### COLLECTED MATERIAL
* * * * *
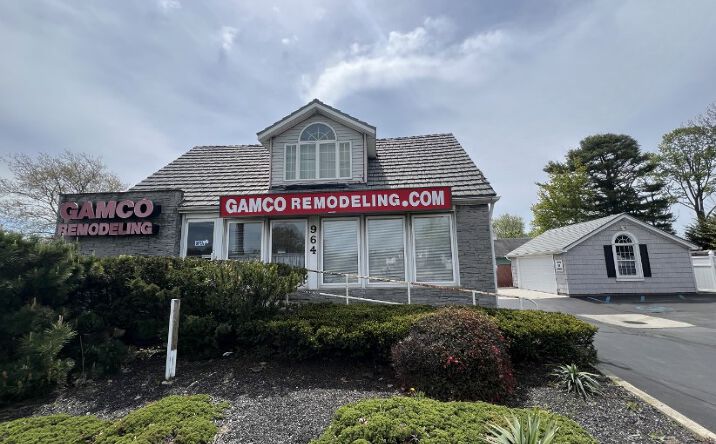 Pictures of Office property located at 964 Sunrise Highway, West Babylon, NY 11704 for sales - image #1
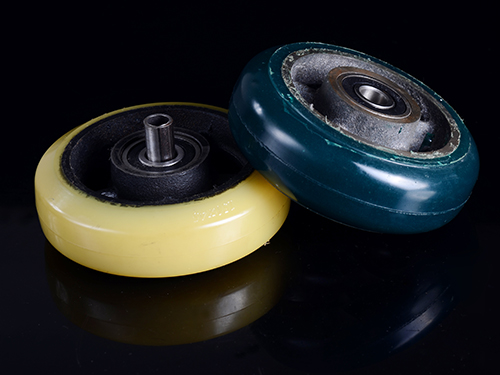 普(pǔ)通腳輪(lun)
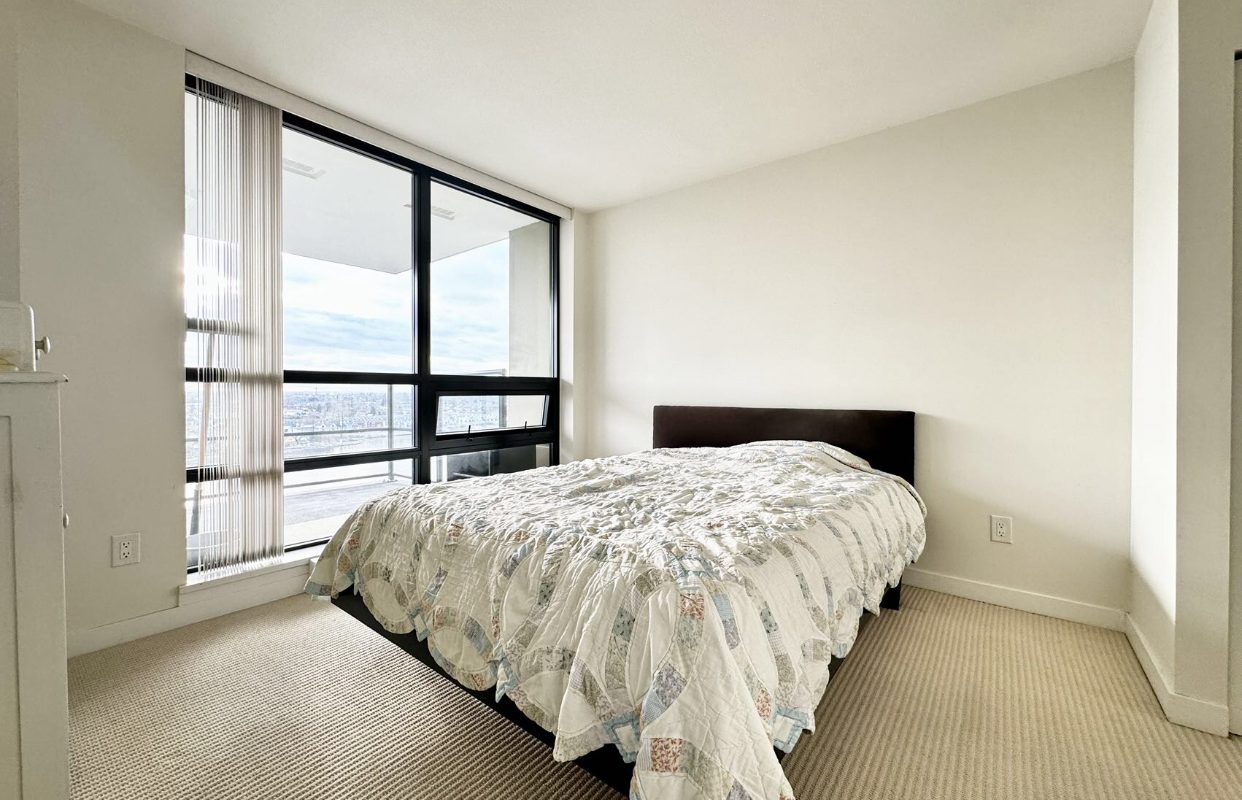 Panoramic River View Spacious 2-Bedroom Suite In NewWest For Rent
* * * * *
Output the lines above verbatim, images excluded.

### SOLVED PROBLEM
 Pictures of Office property located at 964 Sunrise Highway, West Babylon, NY 11704 for sales - image #1
 普(pǔ)通腳輪(lun)
 Panoramic River View Spacious 2-Bedroom Suite In NewWest For Rent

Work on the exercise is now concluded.